Public goods such as street lights are defined as goods which are non-excludable and non-rivalrous in consumption, while merit goods such as education are goods deemed socially desirable by the government. Street lights are non-excludable in consumption while education is excludable in consumption. Street lights are also non-rivalrous in consumption while education is rivalrous in consumption. In addition, the usage of streetlights causes complete market failure, while the consumption of education causes partial market failure.
Street lights are non-excludable in consumption while education is excludable in consumption.
It is impossible to prevent non-paying motorists from using street lights, but it is possible to prevent non-paying students from attaining an education.
Street lights are non-rivalrous in consumption, while education is rivalrous in consumption. One motorist’s usage of street lights does not reduce the amount of light made available to other motorists, but if one student takes up a place in the university, another student will be deprived of his education.
The usage of streetlights causes complete market failure while the consumption of education causes partial market failure. Since street lights are excludable in consumption, motorists would rather wait for other motorists to pay and provide for the good and this gives rise to a free-rider problem. Motorists are unwilling to reveal their effective demand and tend to understate it instead, making it difficult for firms to charge a price. In addition, once street lights are produced, the MC of providing them to additional motorists is zero. Since allocative efficiency occurs when P=MC, the efficient price is zero. However, profit-maximizing firms will not provide goods for free. Under the free market, street lights will not be provided, causing complete market failure.

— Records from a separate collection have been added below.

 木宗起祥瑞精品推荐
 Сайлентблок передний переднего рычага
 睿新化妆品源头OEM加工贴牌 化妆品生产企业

The consumption of education leads to positive externalities. If literacy rates improve, more jobs will be created for the country as a whole and as income level rises, crimes such as thefts and robberies fall. All of these are not considered by students when they pursue an education. MEB causes MSB>MPB such that the market quantity where MPB= MPC is less than efficient quantity where MSB=MSC, creating a deadweight loss due to underconsumption. Under the free market, education is under-consumed, causing partial market failure.
Public goods differ from merit goods in terms of excludability and rivalry in consumption as well as the extent of market failure.